WORK INSTRUCTION ::
Nothing is needed except the lines below that run from the one with "1405 VEGAS VALLEY, Las Vegas, NV 89169" through the one with "Wholesale fisto detail", repeated exactly.

RECORDS SHOWN ::
↓

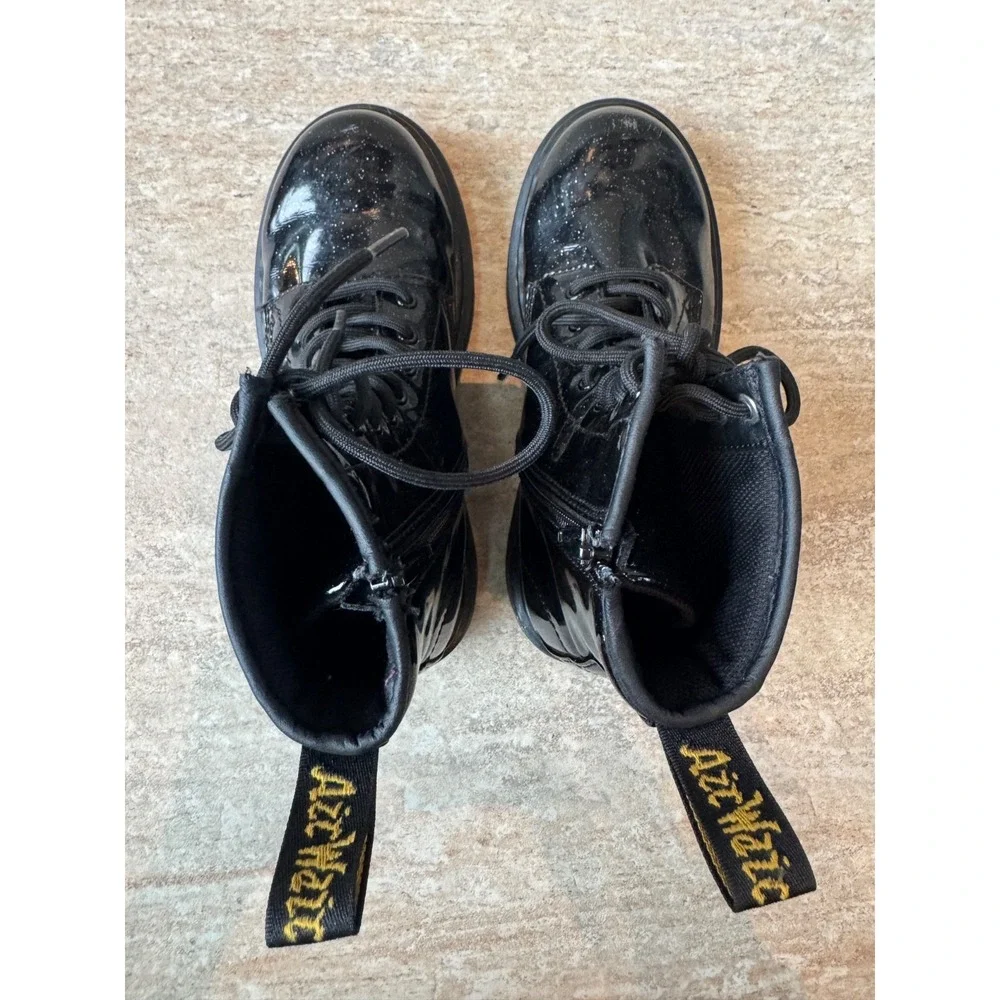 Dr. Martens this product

↑
↓

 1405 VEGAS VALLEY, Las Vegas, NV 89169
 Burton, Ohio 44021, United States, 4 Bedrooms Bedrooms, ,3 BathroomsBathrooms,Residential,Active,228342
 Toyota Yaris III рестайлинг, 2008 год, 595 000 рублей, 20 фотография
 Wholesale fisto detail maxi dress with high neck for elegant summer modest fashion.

↑

SOLUTION TO THIS TASK ::
 1405 VEGAS VALLEY, Las Vegas, NV 89169
 Burton, Ohio 44021, United States, 4 Bedrooms Bedrooms, ,3 BathroomsBathrooms,Residential,Active,228342
 Toyota Yaris III рестайлинг, 2008 год, 595 000 рублей, 20 фотография
 Wholesale fisto detail maxi dress with high neck for elegant summer modest fashion.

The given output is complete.